Olivia Kavanagh traveled from London to Ireland to attend her grandfather’s funeral, and learns that he has left her his book shop and an old manuscript. The manuscript belonged to Frances Griffiths, and is her account regarding the Cottingley Fairies. In 1917, Frances moved to Cottingley, England with her mother, while her father has gone to war. She moves in with her aunt and uncle, and her cousin Elsie Wright. Frances and Elsie become the closest of friends, and frequently play along the beck at the end of the garden. While they have been frequently told to avoid the area, something continuously draws Frances there, and eventually in an argument with her mother she blurts out that she goes there to see the fairies. Her family does not believe they exist, so Elsie and Frances take photographs of themselves with the fairies. Word gradually spreads throughout the town of the fairy photos, and eventually even captures the attention of Sir Arthur Conan Doyle, and becomes national news. Olivia, in the present, is fascinated with the story of the fairies, and immerses herself in the manuscript. She has a number of personal issues in her life, as well as dealing with her grandfather’s book store and home, and as she reads the manuscript, she starts to understand her life a little more, makes some large decisions for herself, and gradually comes to learn how the Cottingley girl’s lives tie in to her own family’s history.

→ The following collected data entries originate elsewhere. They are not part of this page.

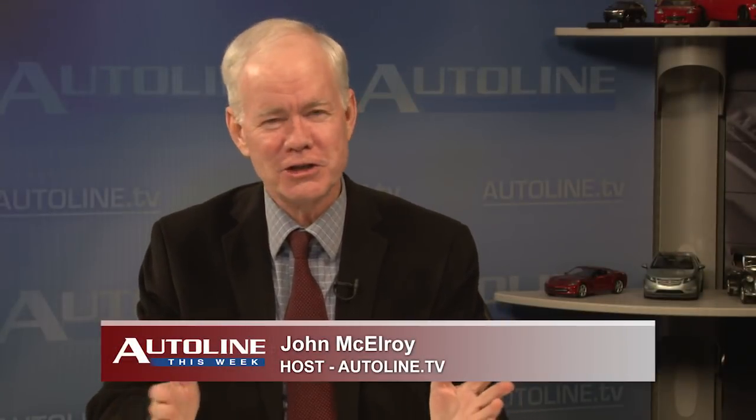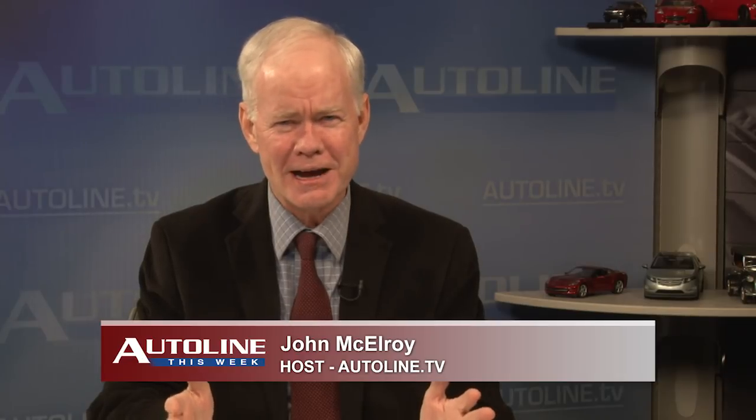I want to thank you all for joining us on Autoline this week. Today we're going to have a fun show. It's all about design — where in the world is automotive design going? There's a lot going on in terms of materials, colors, and other things.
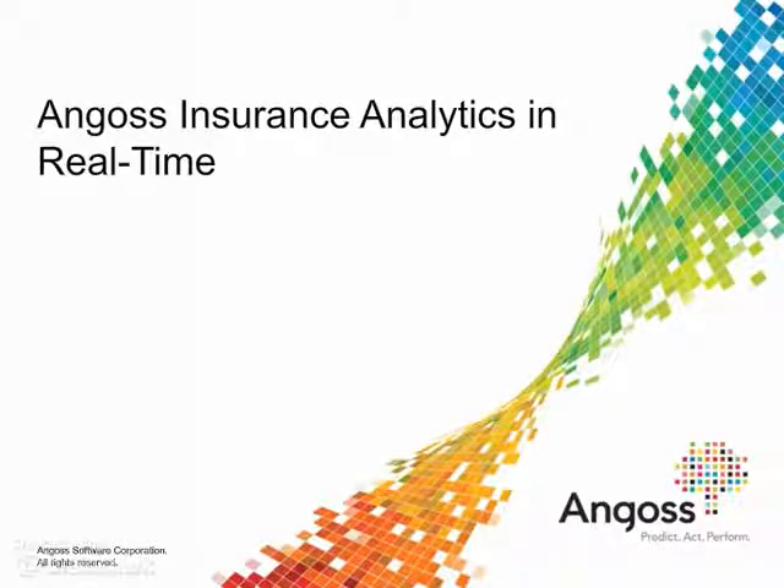Hello and welcome to this presentation on Angus Insurance Analytics in Real Time Solution.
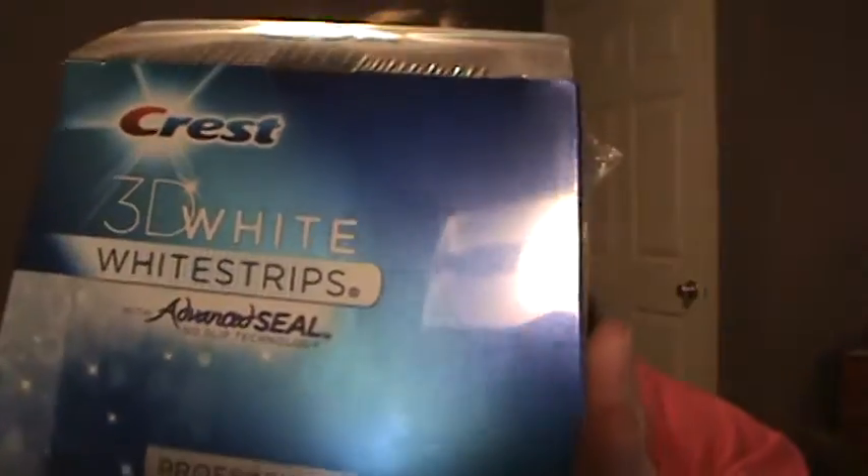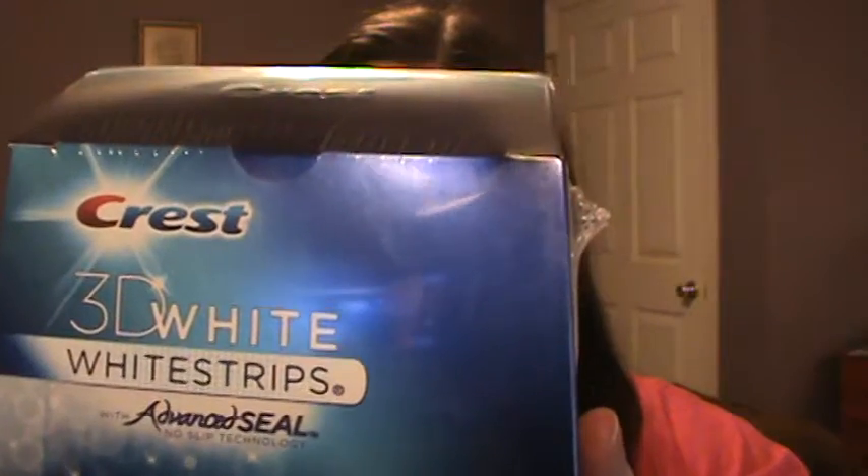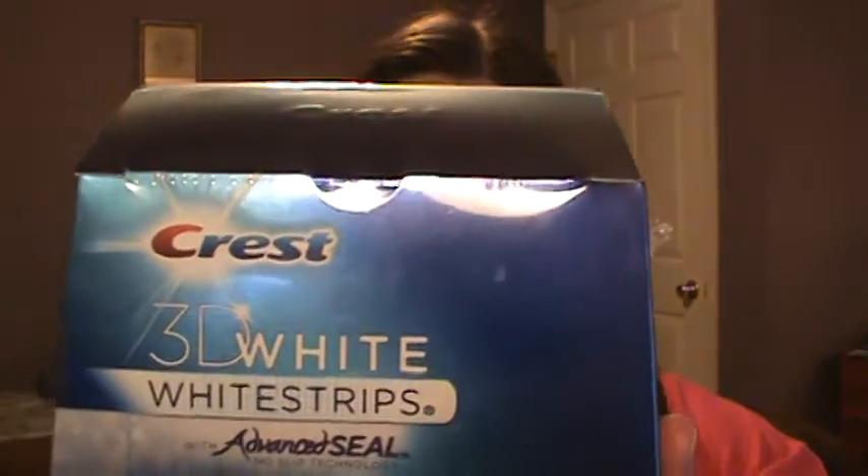This one is Level 3. Let's see what the benefits are on here. Product benefits include: removes over 10 years of set-in stains, whitens 25 times better than a leading whitening toothpaste, Advanced Seal No-Slip Technology helps white strips conform to your teeth for noticeable whitening results without the mess, exclusively brought to you by Crest White Strips, same enamel-safe ingredients.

Fairies generally are not my thing. To me they are more of a fantasy story, and I leave those books to Artemis. But I was really excited to give this book a try. Maybe it was the lovely cover, maybe it was the fact it came in a box at Christmas time with a card showing the theme of “Magic”. Either way, I am glad I read it. I was not aware that the Cottingley girls were real. They really did exist in 1917, and they really did take 5 photos of the fairies, though the fairies themselves were actually a hoax. However, they always swore that the 5th photo in the series was, in fact, real.

As part of the subscription box, you are able to sign up for a private Novel Editions Facebook page for a book club that pertains to each month’s book.  At the start of January, I was able to log on and actually talk with the author, Hazel Gaynor, which was an amazing experience. Hazel was very friendly, and very attentive, making every effort to write back to every question or comment that was made. It was a pleasure to discuss her book with her, to understand a little more how and why she decided to write this novel, her favorite character to write, even her favorite books.  Hazel was lovely, and the whole experience of the discussion with her made me appreciate the story just a little bit more.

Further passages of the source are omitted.